Queridos hermanos:
En esta fiesta de la Presentación del Señor en el Templo, recordamos también según la Tradición de la Iglesia, la Purificación de la Santísima Virgen María y la Candelaria o Fiesta de Simeón, como hemos tenido presente en la procesión de las candelas. Son en realidad tres aspectos de una misma fiesta que contemplamos en la lectura del Evangelio (Lc 2,22-40).
En la Presentación del Señor y la Purificación de María nos podemos maravillar ante la humildad y la obediencia de Jesús, recién nacido, y de su Santísima Madre, por su observancia fiel de los preceptos de la Ley dada a Moisés a este respecto (Ex 13). Es sin duda sorprendente que el Hijo de Dios sea presentado al mismo Dios y su Madre, libre de toda mancha de pecado y siendo toda pura, decida someterse obedientemente a la Ley de Dios en el rito de la purificación.

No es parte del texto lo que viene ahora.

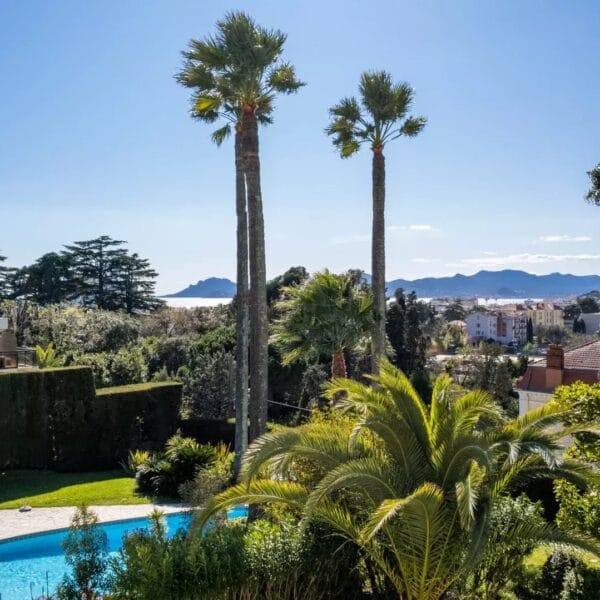 Appartement Cannes Montfleury : superbe 4 pièces, vue mer, résidence, piscine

Por otra parte, debemos contemplar la escena de la profecía del anciano Simeón y de la profetisa Ana, dos personas de edad avanzada que esperaban el advenimiento del Mesías. La Iglesia recita así desde antiguo, en el rezo de las Completas al final del día, las palabras de Simeón (Nunc dimittis, Lc 2,29-32), en las que Cristo es reconocido como lumen Gentium: “luz de las gentes”, “luz de las naciones”, la luz que alumbra a todos los pueblos gentiles de la tierra, además de ser la gloria de Israel. Ciertamente, sólo Cristo es la luz verdadera para todos los hombres. Él es “irradiación esplendorosa de su gloria (del Padre) / de la eterna luz” (Sab 7,25; Heb 1,3), Él es “la luz del mundo” (Jn 8,12). Sólo Él, por tanto, puede iluminar y hacer comprender el misterio del hombre, del mundo y de Dios.
Hoy se clausura, por otra parte, el año que el Papa Francisco ha querido dedicar de un modo especial a la vida religiosa y consagrada, cuyo único fundamento no es otro que Jesucristo. La vida del consagrado o de la consagrada sólo tiene sentido en Él, sólo puede hallar fundamento en Él y sólo debe tender hacia Él como su fin. La persona que ha consagrado su vida a Dios siguiendo de lleno a su Hijo Jesucristo con la gracia recibida del Espíritu Santo, erróneamente buscará fuera de Dios lo que sólo en Dios puede encontrar. Por eso, como ha dicho el Papa, en la vida consagrada hay que entrar por la puerta, no por la ventana como los ladrones y los salteadores: este entrar por la puerta significa que es necesario abrazar y vivir la consagración a Dios con pureza de intención, con limpieza de corazón, no buscando otro objetivo más que a Dios mismo. Si esto no se vive así, entonces se vive en un engaño que acaba dañando a la propia persona y a los que la rodean. El peligro de los sucedáneos en la vida consagrada es muy grande: podemos pretender llenar una vida que nosotros mismos hayamos vaciado de contenido, pero al final esos sucedáneos dejan vacío, no llenan ni satisfacen. Por eso San Bernardo se examinaba a sí mismo con frecuencia, con relación a su vocación: “Bernardo, ¿a qué has venido?” Vivamos el consejo de San Benito: “No anteponer nada al amor de Cristo!” (RB IV, 21 y LXXII, 11).
Que María Santísima nos ayude a los religiosos a ser fieles en nuestra consagración y a todos nos muestre la luz verdadera, que es su Hijo Jesucristo.